Quarante ans après les furieuses batailles qui ont fait la guerre de Troie, quarante ans après le retour d’Ulysse à Itaque, Phémios d’Itaque, un barde inspiré (Homère ?) , décide de relater cette épopée sanglante qui opposa les Troyens aux Grecs.
Phémios, le barde, nous raconte alors l’histoire qui a préludé à l’histoire. Au moyen d’une plume bien exercée, poétique et humble, il nous contera le récit de Pâris, de sa rencontre avec Hermès, de la pomme de la discorde et l’aventure de Pelée contée par ce même Hermès à Pâris.
Clarke convoque les dieux sur le sol hellène et leur fait jouer la légende de Troie. En cela elle répond à sa profession de foi qui est de rendre hommage à la pensée grecque et à ses dieux, si proches des hommes alors.
Par un large prélude accordé au récit de Troie, l’auteur nous raconte ce qui s’est passé avant, de ce que les dieux ont tenté de conclure avec les hommes. Pâris doit les aider, il sèmera le chaos. En effet, Aphrodite lui a promis la plus belle femme du monde, or même les dieux, pour en avoir été également les victimes, ne sont pas les maîtres des passions. En tombant amoureux d’Hélène, l’épouse de Ménélas, Pâris brave l’interdit et l’enlève pour aller avec lui à Troie. Il déclenchera la colère des dieux et la haine de son rival avec lequel il avait mis fin aux guerres passées.
L’auteur nous rejoue ainsi la bonne vieille histoire d’Homère, ce Roméo et Juliette sous le joug des divinités et des armées humaines qui vont s’entretuer pour un caprice du coeur. Achille, Hector, Ménélas, Iphigénie, la cohorte des personnages de légende va prendre pied sur Troie et inscrire ce drame humain dans l’histoire.

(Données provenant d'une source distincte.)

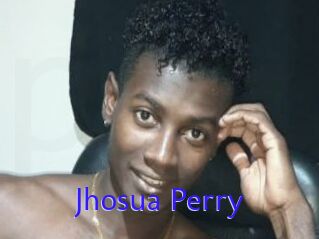 Jhosua_Perry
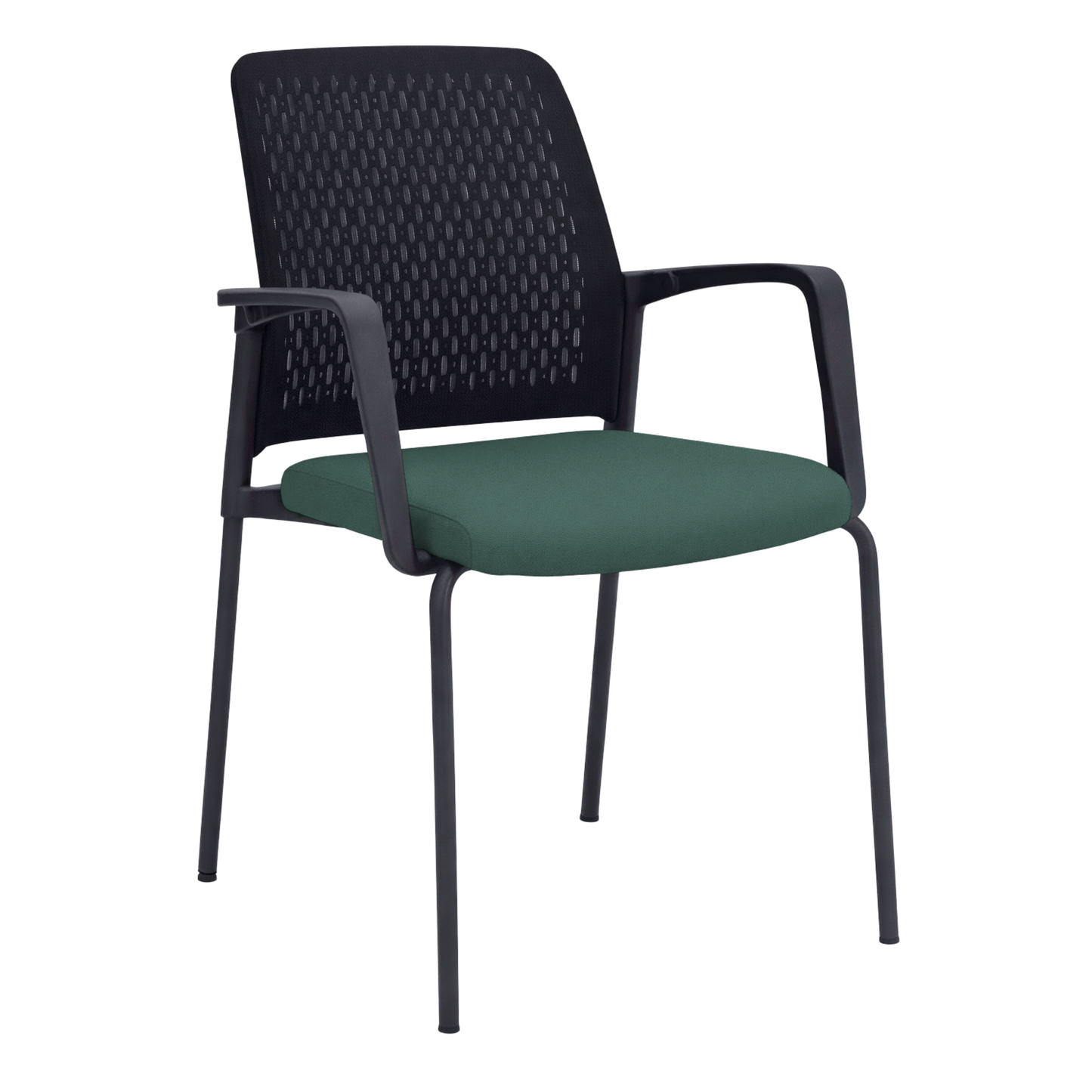 BAMBA GCSVIS165NE
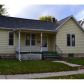 434 S Marr St, Fond Du Lac, WI 54935 ID:10762613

Destins dictés par les dieux, amours impossibles, Lindsay Clarke réécrit le drame de l’Illiade dans une prose plus moderne, en y rajoutant un lyrisme plus prégnant et une poésie plus marquée. Les dieux n’en sont que plus vivants et les acteurs de ce drame humain, dans leur tentative d’échapper à la main des seingeurs de l’Olympe, n’en sont que plus touchants, ce qui rend leur geste sanglante que plus familière avec nos quêtes vaines individuelles et nos courageuses petites victoires sur les barbares que compte notre modernité.
Le récit, admirablement bien rendu, est entrecoupé des réflexions de ce barde sauvé par Telemaque, de la colère d’Ulysse. Ce sont des intermèdes qui viennent nuancer le récit, comme pour donner une illustration plus juste et plus concertée, incarnant parfaitement l’ouvrage humble du barde, sans aucune autre prétention que de rendre hommage au récit d’Ulysse ainsi qu’à l’esprit d’une époque nimbée encore de la luminosité de ces dieux qui s’incarnent dans le monde, conversent et aiment. Une prose qui donne une très belle version romancée d’un récit trop figé dans des lignes rendues trop rigides par son époque, aussi flamboyantes soient-elles.